Fresh water invertebrates

Fresh water invertebrates

Dose descriptor:

EC50

Effect concentration:

1.24 mg/L

Additional information

A study was performed to assess the acute toxicity of test item N,N-dimethyldodec-9-enamide to Daphnia magna. The method followed was designed to be compliant with OECD TG 202, “Daphnia sp., Acute Immobilisation Test”, referenced as Method C.2 of Commission Regulation No. 440/2008 (2) and with the “Guidance document on aqueous-phase aquatic toxicity testing of difficult test chemicals” (OECD No. 23). The criterion measured was the EC50 (Median Effective Concentration), a statistically derived concentration which is expected to cause immobility in 50% of the daphnids within a period of 48 hours.
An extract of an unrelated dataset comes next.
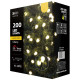 LED karácsonyi fényfüzér,cseresznye,20 m,kültéri és beltéri,meleg fehér ZY1601T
Following a preliminary range-finding test, twenty daphnids (four replicates, five daphnids per replicate) were exposed to an aqueous solution of the test item over 48 hours at the required nominal test concentrations 0.32, 0.70, 1.50, 3.40 and 7.50 mg/L, and to a control. The immobilisation of the daphnids was determined in a closed static 48-hour test by visual observation after 24 and 48 hours. Samples taken from the control and all test concentrations were analysed at the start and the end of the test, in order to determine if concentrations of the test item were maintained.

The test item levels were found to be relatively stable at the three highest concentrations throughout the test (within ± 20% of the initial and nominal concentrations throughout the test). However, concentrations measured at the two lowest concentrations showed slight test item losses (around 25%) between fresh and old solutions. Therefore, the evaluation of the effects on Daphnia magna was based on the geometric means of the analytically confirmed concentrations: 0.35, 0.53, 1.61, 3.56 and 8.55 mg/L. After 48 hours of exposure, immobilisation rates were 0% at 0.35 mg/L, 5% at 0.53 mg/L, 75% at 1.61 mg/L, 95% at 3.56 mg/L and 100% at 8.55 mg/L.

The 48 -h EC50 value at the end of the test was 1.24 mg test item/L; 95% confidence limits 0.97 - 1.58 mg test item/L

Statistical analyses were performed by the computer program ToxRat.